20 April 2019, Apia Samoa. Senior lawyer and founding member of Samoa First Union, Unasa Iuni Sapolu has described the NPF proposed increase to the compulsory superannuation deduction as ‘unconscionable and harsh’.
Responding to questions from Samoa Global News Unasa said the proposed increase may have been fair if contributors were given a wage increase to offset the 3% deduction that would be taken from their weekly wages.
“Employees have made plans based on a 7% NPF contribution and taking 3% more from employees’ measly wages without adding or increasing wages by 3% is unconscionable and harsh especially if Government’s contribution isn’t increased to say 11% or more to account for the inconvenience to contributors,” she said.
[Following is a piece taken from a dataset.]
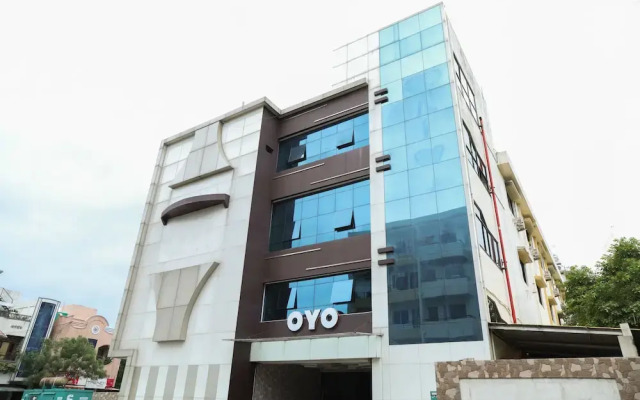 OYO Flagship 070 Hotel Orient Palace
Also President of the newly established Samoa First Party Unasa says that Government has resorted to increasing NPF contributions as a way to address poor decisions on debt.
“Bascially Government gets into huge debt such as the millions being loaned out by NPF to certain companies;
“That creates a debt, and then Government asks contributors for more when in fact it’s poor planning that created the debt,” said Unasa.
Unasa added that there was no consultation with members of the Samoa First workers union who represent interests of employees.
“The increase would only be fair if contributors were informed and their consent garnered”.
The Samoa National Provident Fund last week announced its re-assurance to maximise benefits for its members and contributors.
“Members can expect their annual dividends and bonus at nothing less than 8% of their total contributions starting this year;
“Under the SNPF law, the Fund is mandated to pay an annual bonus to contributors of not less than 4% at the end of the fiscal year;
“But in the last ten years, the minimum required by law was surpassed with annual dividends paid out averaging 7% to 8%.”
The SNPF statement goes on to confirm that “in 2018, the SNPF set a new record with its 10% bonus paid to contributors for a total of over $53 million injected into the local economy.”
The CEO of NPF Pauli Prince Suhren has said that this increase ultimately benefits the people of Samoa in the future, as a compulsory saving to acces when they reach retirement age.
Unasa on the other hand, says she is concerned that a one-party state can change legislation at any time.
“There is no certainty in what the future brings, there is only certainty in the harshness of the additional 3%”.
“Legislations may pass to change retirement age or to do away with pensions completely,” she said.
The SNPF increase from 7% to 8% is expected to be effective in July once legislative amendments are passed in May. This would be followed by a staggered approach of 9% in 2020 and 10% in 2021.